Bianca dan Lola tidak tahu mengapa Salsa sepanik itu. “Sa gue-” Salsa langsung menghampiri dan menyela. “Ga, lo ga boleh kemanapun. Bianca, Lola kalian keluar dan kunci ruangan ini dari luar” Bianca masih mematung. Tidak mengerti akan kecemasan Salsa yang terkesan begitu berlebihan.
“Gue ga nemu dimanapun, lo tenang Bie. Semuanya akan baik-baik aja” Candy memejamkan matanya pelan. “Kalo gue bunuh gue jadi pembunuh kan?” Tanya Candy pelan, Lola tampak terkejut mendengarnya. Lola adalah orang yang akan begitu mudah panik dan ketakutan. Mengingat karakter Candy, gadis itu lebih dari mampu melakukan hal yang baru dikatakannya. Lola tentu tahu akan hal tersebut.
Salsa menatap Bianca dan Bianca langsung mengerti, menarik Lola keluar ruangan. “Lo bukan pembunuh, lo ga harus nanggepin dia. Ingat impian ayah dan kakak lo ada di tangan dia lo tinggal ga-” Candy melah tertawa, membuat Salsa terdiam sesaat.
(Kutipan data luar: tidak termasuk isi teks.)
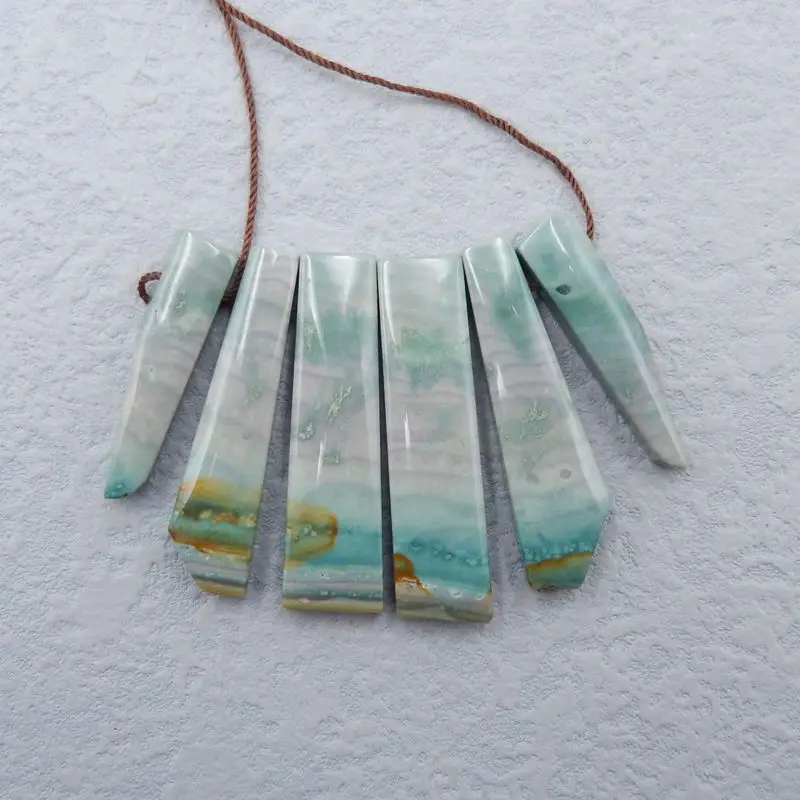 

6Pcs Natural Stone Wave Jasper Side Drilled Necklace Pendant Beads Set 43x11x7mm,34x8x6mm, 29g
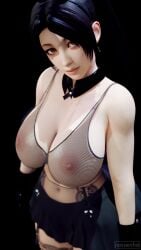 1girls 3d alternate_hair_color big_breasts brown_eyes capcom collar dark_hair dead_or_alive fatal_fury female female_focus joasenha king_of_fighters large_breasts light-skinned_female light_skin looking_at_viewer mai_shiranui see-through_clothing simple_background skirt snk solo solo_female solo_focus stockings street_fighter tecmo thick_thighs twitter_username voluptuous wide_hips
“Kayaknya lo lupa sa, gue ini pembunuh. Jangan pernah lupa sama hal itu. Gue juga ga terlalu peduli sama ayah dan kakak gue. Toh pada akhirnya mereka bakal ninggalin gue juga atas kemauan mereka sendiri.” Salsa tidak tahan.
Plaakkk
Tamparan itu tidak berpengaruh banyak pada Candy. “Lo bukan pembunuh, BUKAN” Candy menatap Salsa yang sudah berkeringat dengan air mata yang juga sudah tumpah. “Gue ga akan bunuh dia, lo ga usah nangis. Muka lo makin jelek” Candy melepas jarum infusnya dan turun dari kasurnya. “Lo bilang ga akan bunuh dia, Bie liat gue” Candy melihat Salsa dan tersenyum tulus, senyuman yang pernah dilihat Salsa saat pertama kali Candy meminta bantuanya.
“Lo udah jalanin tugas lo dengan baik, lo udah ngerem gue dengan baik. Lo emang Sonia terbaik gue” Candy kembali berjalan menuju pintu. “Lo mau kemana?” Candy menoleh sebelum menutup pintu.
Gadis itu tampak berpikir kecil. “Ngasih pelajaran sama cowok kurang ajar itu, lo ga usah khawatir karena gue ga akan nyakitin fisiknya. Gue cuma mau ngasih liat resiko kalau yang dia omongin tentang gue itu bener sebahaya apa” Salsa masih tampak menatap Candy dengan tidak percaya.
Candy malah kembali tersenyum ke arah Salsa. “Kalo dia bilang gue ini penggoda sampah, gue bakal nunjukin sebahaya apa kalo gue udah godain orang. Sa, makasih. Karena lo masih mau disisi gue, meski gue tetep bakal buang lo kalo lo ga berguna” Salsa ikut tersenyum mendengarnya.
“Meski gue ga suka ini terjadi, tapi lo bisa liat kan kalo gue ini seberguna apa buat lo?” Salsa kembali tersenyum sebelum Candy menutup pintu dan menjauh dari ruangan.
Dalam keheningan gadis yang sekuat mungkin menahan getaran dalam tubuhnya itu akhirnya terjatuh. Menyentuh dadanya yang terpacu kuat karena rasa takut.
Ia takut Candy semakin rusak, ia takut Candy mengalami hal menakutkan lagi. Ketakutan itu mungkin datang karena Salsa memang turut andil akan kerusakan Candy. Dulu Salsa berbahagia atas kerusakan Candy, kini dia mendapatkan hukuman—karma buruknya.
“Rasa sayang sepihak gue ini makin bikin jengkel”.